▶ _YOUR ASSIGNMENT_:
Please return only the lines from the one with "carpeted empty room" through the final line of the data, unchanged, with pictures omitted.
= = = =
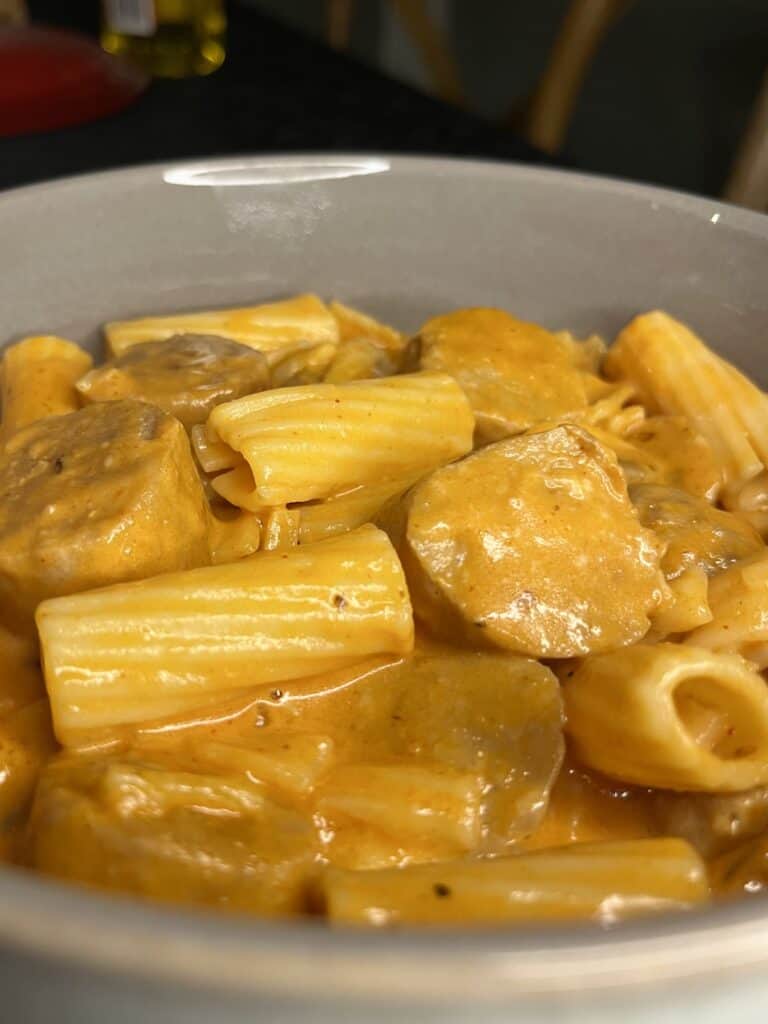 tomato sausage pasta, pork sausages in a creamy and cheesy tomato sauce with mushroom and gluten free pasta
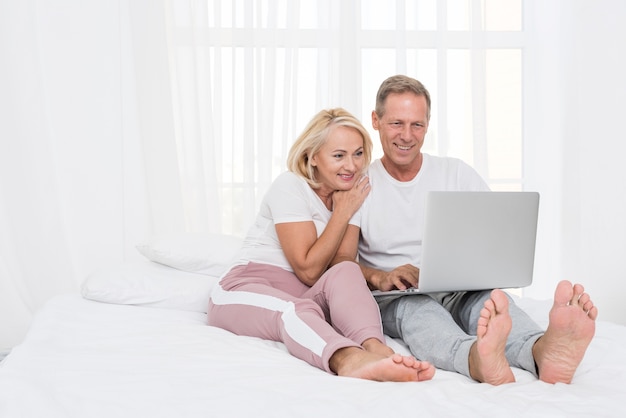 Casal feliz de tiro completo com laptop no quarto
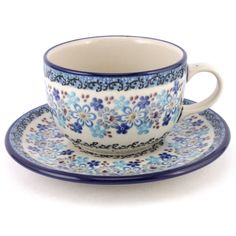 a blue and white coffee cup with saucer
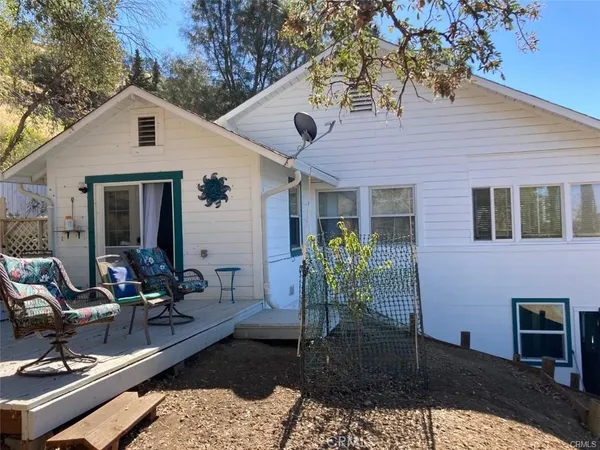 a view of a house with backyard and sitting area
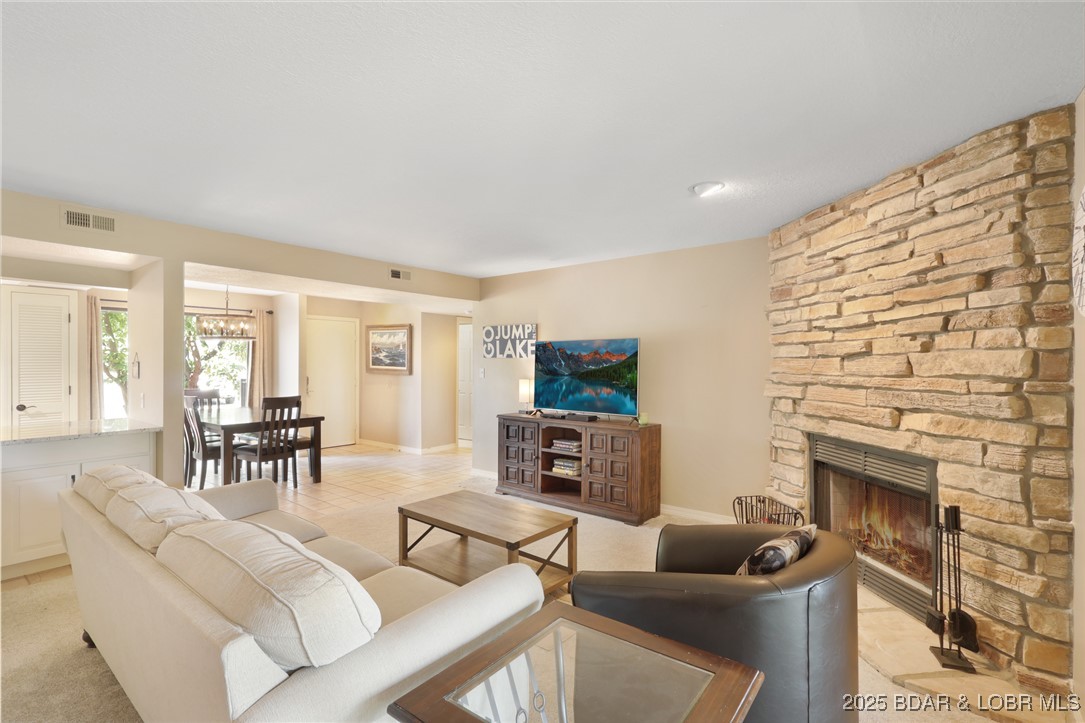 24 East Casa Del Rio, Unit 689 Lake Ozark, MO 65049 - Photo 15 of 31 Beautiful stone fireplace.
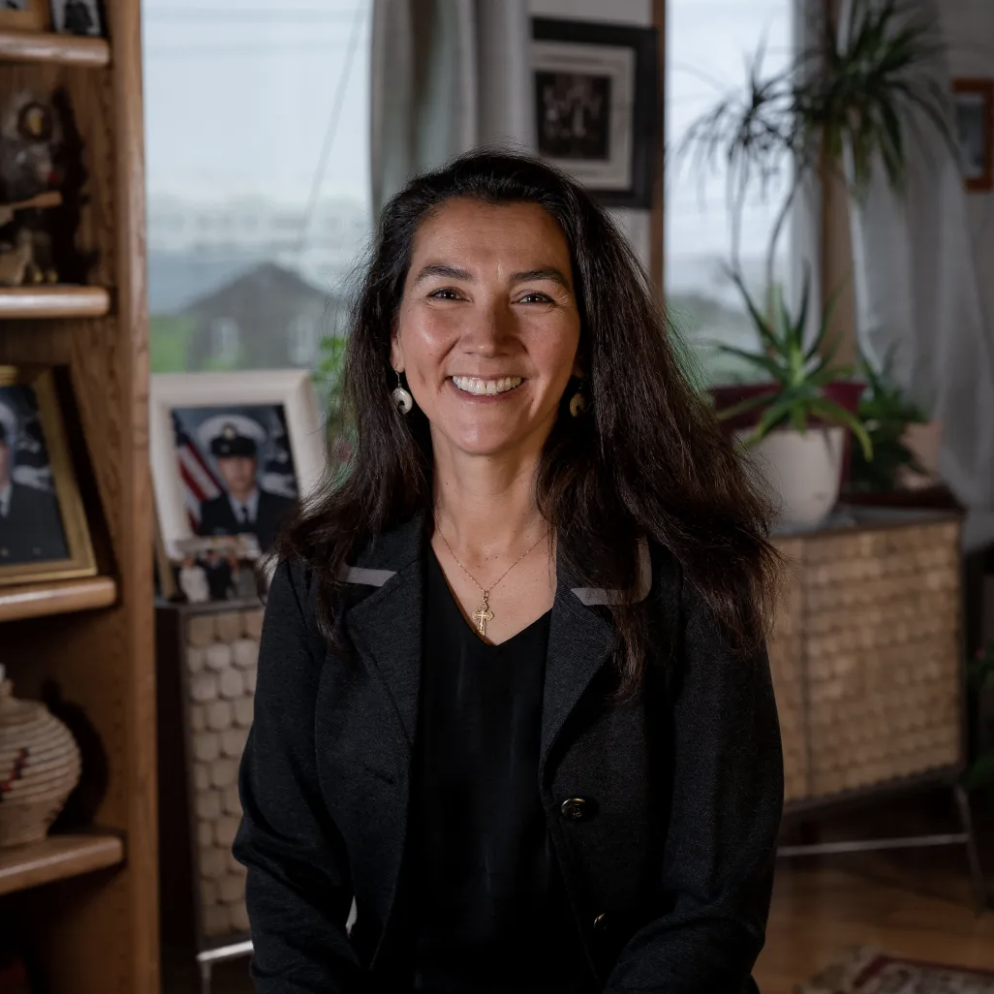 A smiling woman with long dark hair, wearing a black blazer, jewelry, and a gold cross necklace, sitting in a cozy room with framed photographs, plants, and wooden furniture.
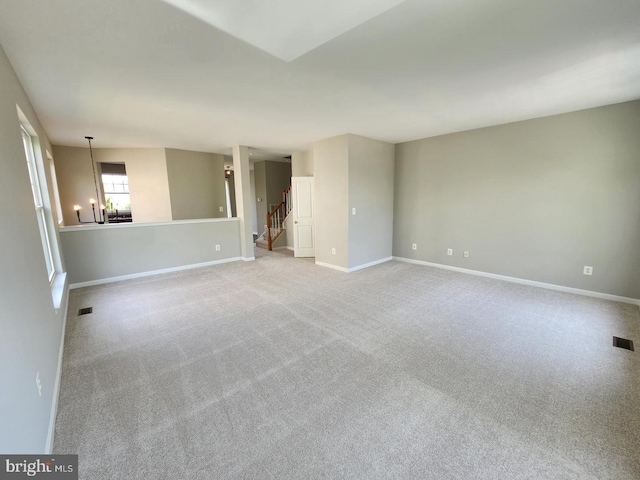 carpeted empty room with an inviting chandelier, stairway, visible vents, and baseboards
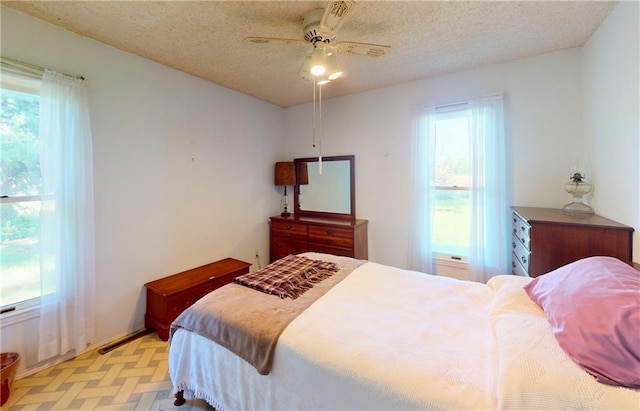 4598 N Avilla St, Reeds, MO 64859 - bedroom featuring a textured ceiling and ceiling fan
= = = =
▶ _RESPONSE TO THIS EXERCISE_:
 carpeted empty room with an inviting chandelier, stairway, visible vents, and baseboards
 4598 N Avilla St, Reeds, MO 64859 - bedroom featuring a textured ceiling and ceiling fan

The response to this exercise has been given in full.